Source of Errors in Non-FCR Calls
SQM's research reveals that the source of error (SoE) for non-FCR calls breaks down as follows: 38% of errors are attributed to the agent, 13% to the customer, and 49% to the organization.
Our findings suggest that the most significant improvements in FCR typically come from addressing errors caused by agents and customers. As a result, the most effective way to enhance FCR performance in most call centers is by reducing agent-related errors. While there are instances where reducing organizational errors can lead to FCR improvements, this approach is less common and tends to take longer to implement.
Given that organizational errors account for 49% of non-FCR calls, it's essential for call centers to collaborate across departments to identify failure points and develop targeted action plans for improvement. However, if your call center is seeking quicker results, focusing on reducing agent and customer errors should be prioritized before addressing organizational ones.
Errors in Two or More Call Interactions
For calls that are resolved but require two or more interactions, the organization is typically the source of error 54% of the time, which is significantly higher than the 32% attributed to agents in these situations. When calls remain unresolved, the agent is the primary source of error, accounting for 44% of cases.
Agents need to recognize that they are often the main factor in unresolved calls. Despite this, SQM's experience shows that agents frequently perceive organizational issues as the primary cause of failure rather than their own actions. To improve FCR, agents must be held accountable for call resolution, especially since the call center is the final point of contact to prevent customer attrition.
SQM's research identifies the top five root causes behind repeat calls that prevent delivering excellent customer service and achieving First Call Resolution:
- The customer needed to check or verify the status of their unresolved issue.
- The customer was disconnected while on hold.
- The agent lacked the knowledge or resources to resolve the issue.
- The customer's request was not fully completed.
- The customer was redirected to another company.
To achieve or improve First Call Resolution, call center leadership must fully commit to enhancing the support experience for agents and customers.
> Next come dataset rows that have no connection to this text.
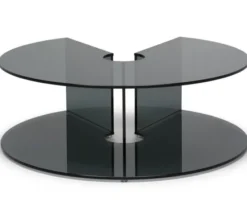Pepe Soffbord Glas 90cm Smoke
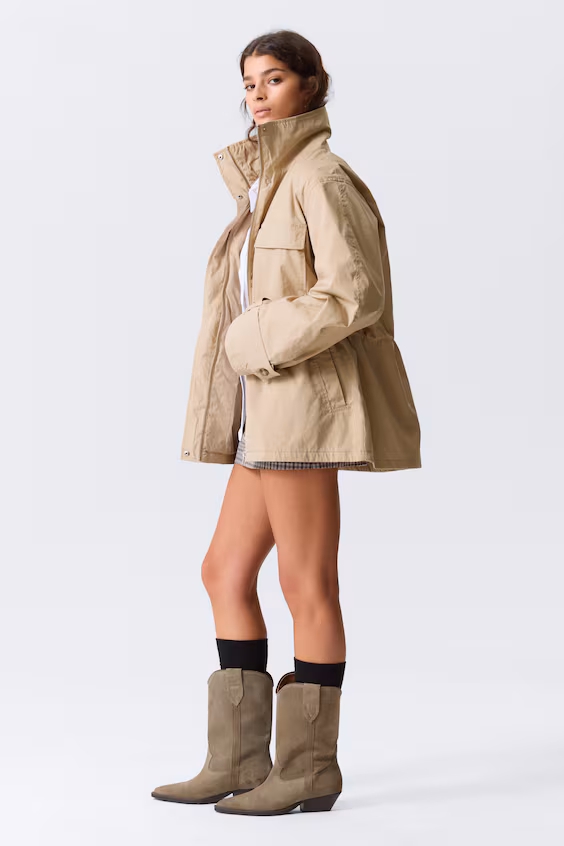 Утилитарный куртка из легкой ткани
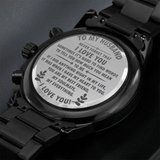 TO MY HUSBAND - Black Chronograph Watch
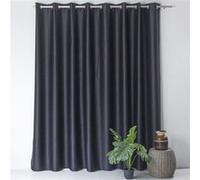 Enjoy Home - Rideau uni occultant avec oeillets - 300 x 240 cm - Noir Noir G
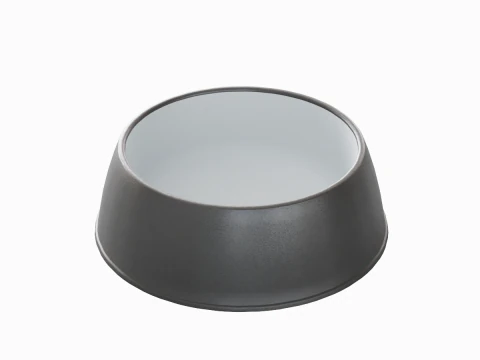 Plastic Dog Bowl B 01 3D Model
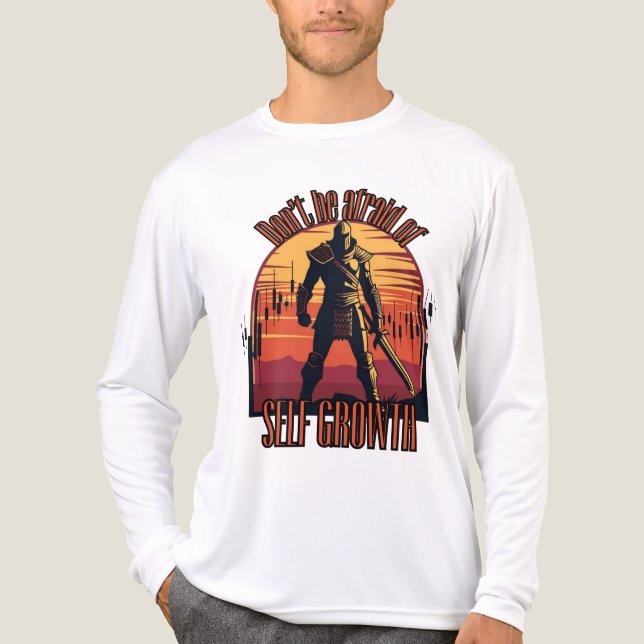 Dont be afraid of self growth | Trade motivation  Tri-Blend Shirt (Vorderseite)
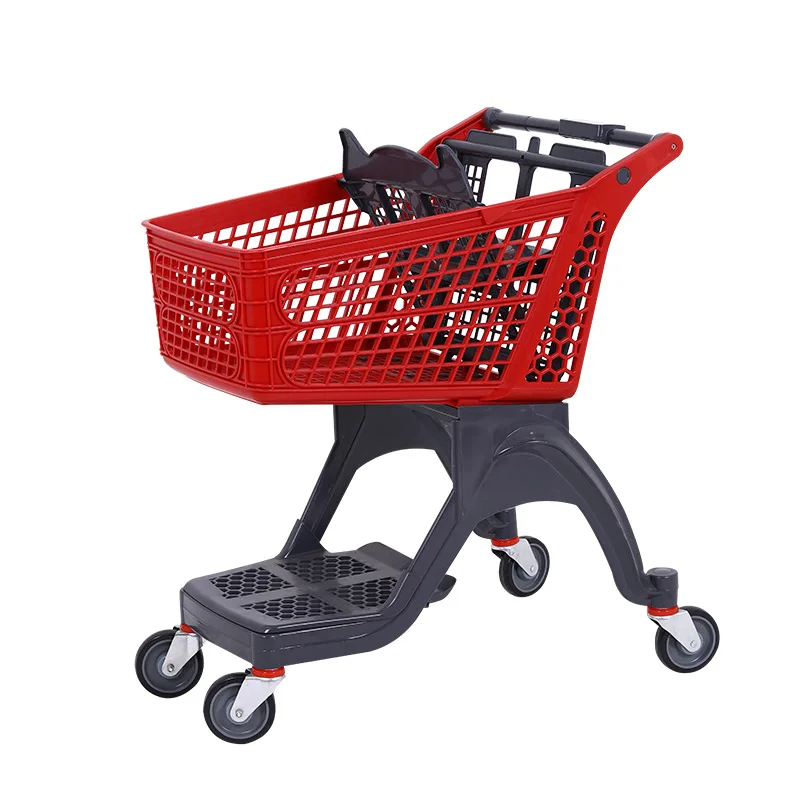 New Design Plastic Trolley Truck Supermarket Equipment Goods Carry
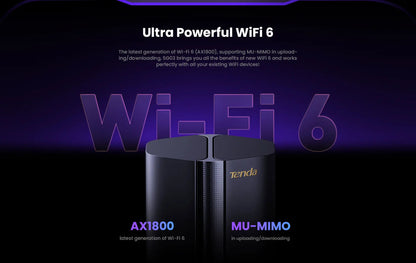 Tenda 5G SIM CPE Router AX1500 AX1800 Wi-Fi 6 wireless modem WiFi Hotspot 5G/4G/3G Multi-Mode 2.4Ghz 5Ghz Mesh Router SIM Card.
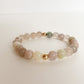 DUO BRACELET - FLOWER AGATE, 8MM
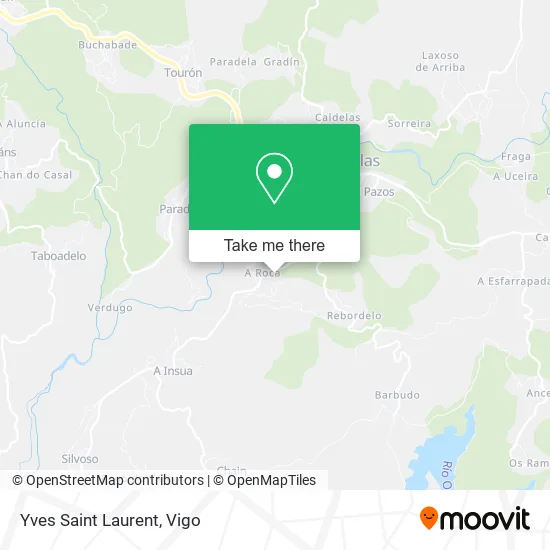 Yves Saint Laurent map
It’s crucial to identify the underlying causes of sources of error (SoEs) and the reasons for the repeated calls contributing to non-FCR calls to implement targeted improvements.
FCR Improvement Action Plan
Gartner reports that 95% of companies collect customer feedback, but only 10% use it to drive improvements, and just 5% share the changes with customers. When customers take the time to provide feedback to help call centers enhance their service, organizations should close the loop. Put simply, after collecting customer feedback, organizations must act on it.
The Voice of the Customer (VoC) closed-loop improvement process is a proven strategy for developing an action plan to continuously improve FCR. Once you've measured your FCR performance and identified the root causes of repeat calls, it’s time to create an actionable plan to enhance FCR.
To ensure continuous FCR improvement, call centers should adopt the Identify, Develop, Check, and Act (IDCA) Closed-loop Improvement Cycle. This four-step cycle helps you measure, benchmark, and improve FCR performance effectively:
- Identify – Pinpoint repeat call reasons by evaluating FCR and customer satisfaction (CSat) data.
- Develop – Design a solution and implement a test pilot to reduce repeat calls.
- Check – Assess the success of the pilot by measuring changes in FCR.
- Act – Use customer feedback to implement a standardized plan to reduce repeat call reasons across the entire call center.